特にここ数年は、そんな日が増えたような気がする。人との距離は空けること、不要不急の外出は避けること、急な予定変更、中止、制限、我慢我慢我慢……。何と戦っているのかわからないけれど、増す疲労。
そんな変化の日々に積もっていった疲労が隠しきれない夜、トボトボと歩き家に帰り着いた私が手に取り、少しずつ読んでいるのは『空気の日記』だ。
コロナ禍の2020年4月1日から2021年3月31日の365日間、23人の詩人が書き続けた輪番制の日記をまとめた一冊。『未曾有の事態なので様々な出来事は記録されていきますが、人々の感情の変化の様子をしっかり留めておくべきではないか』というこの企画の呼びかけ文の通り、どんな日の誰の日記にも、その時々の感情が書き留められている。刻々と変わる状況の中での困惑、不安、そんな全てになんとなく慣れていくこと、今なお慣れきれずにいること。
この感情の記録からは、同じ不安の中で同じ時を生きてきた人たちの息遣いを感じられる。
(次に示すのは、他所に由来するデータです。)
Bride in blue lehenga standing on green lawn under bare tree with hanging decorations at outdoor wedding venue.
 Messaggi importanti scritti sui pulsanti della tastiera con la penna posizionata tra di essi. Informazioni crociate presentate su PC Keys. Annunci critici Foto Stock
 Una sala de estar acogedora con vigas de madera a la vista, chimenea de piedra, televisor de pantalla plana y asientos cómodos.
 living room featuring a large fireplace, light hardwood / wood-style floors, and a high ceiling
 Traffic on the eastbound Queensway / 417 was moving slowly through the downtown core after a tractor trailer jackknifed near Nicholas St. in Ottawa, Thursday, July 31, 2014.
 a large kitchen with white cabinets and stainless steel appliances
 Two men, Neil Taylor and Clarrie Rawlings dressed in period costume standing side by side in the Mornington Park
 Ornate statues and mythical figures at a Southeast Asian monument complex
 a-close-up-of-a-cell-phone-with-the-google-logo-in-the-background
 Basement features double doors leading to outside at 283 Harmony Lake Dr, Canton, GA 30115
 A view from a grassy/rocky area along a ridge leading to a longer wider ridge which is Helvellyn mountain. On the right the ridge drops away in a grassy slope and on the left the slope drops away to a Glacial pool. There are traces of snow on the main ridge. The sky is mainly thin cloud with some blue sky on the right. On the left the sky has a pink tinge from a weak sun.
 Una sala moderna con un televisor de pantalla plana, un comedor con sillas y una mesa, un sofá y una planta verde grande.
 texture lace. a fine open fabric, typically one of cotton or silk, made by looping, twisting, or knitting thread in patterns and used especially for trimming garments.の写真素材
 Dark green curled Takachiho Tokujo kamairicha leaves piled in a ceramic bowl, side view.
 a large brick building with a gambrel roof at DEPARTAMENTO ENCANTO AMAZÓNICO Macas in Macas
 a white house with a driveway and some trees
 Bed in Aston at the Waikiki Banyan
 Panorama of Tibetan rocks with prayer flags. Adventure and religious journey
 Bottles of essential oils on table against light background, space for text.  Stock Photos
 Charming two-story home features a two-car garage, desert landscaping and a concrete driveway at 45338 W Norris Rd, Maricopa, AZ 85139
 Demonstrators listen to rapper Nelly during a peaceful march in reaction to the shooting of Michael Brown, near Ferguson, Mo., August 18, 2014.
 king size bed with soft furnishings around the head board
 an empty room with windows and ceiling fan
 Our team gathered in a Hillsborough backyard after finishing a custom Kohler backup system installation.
からだや心がヘトヘトの時に欲しいのは、毎日を切実に生きる誰かの言葉なのだと思う。
「人とは2メートル以上距離をとりましょう」と言われても、私は誰かの存在をすぐそばで感じたい。毎日少しずつ読み進めるこの本に励まされ、明日は背筋をシャンと伸ばししっかりと歩こうと心に決める。
『空気の日記』
新井高子 石松佳 覚和歌子 柏木麻里 カニエ・ナハ 川口晴美 河野聡子 さとう三千魚 白井明大 鈴木一平 ジョーダン・A・Y・スミス 田中庸介 田野倉康一 永方佑樹 藤倉めぐみ 文月悠光 松田朋春 三角みづ紀 峯澤典子 宮尾節子 山田亮太 四元康祐 渡辺玄英
書肆侃侃房
山田麻奈未(やまだ・まなみ)
書店員8年目。本とお喋り好きが高じ、毎月福岡のラジオ番組で本を紹介しています。
【次のお題】
今年こそ変わりたい! 変わるぞ私! と意気込む時に読む本
【答える人】
紀伊國屋書店 福岡本店 宗岡敦子さん
本連載は、「〇〇な時に読む本」というお題で、書店員の皆様に「推し本」を紹介していただきます。〇〇部分は、前号執筆した方が、次の執筆者に対して提案します。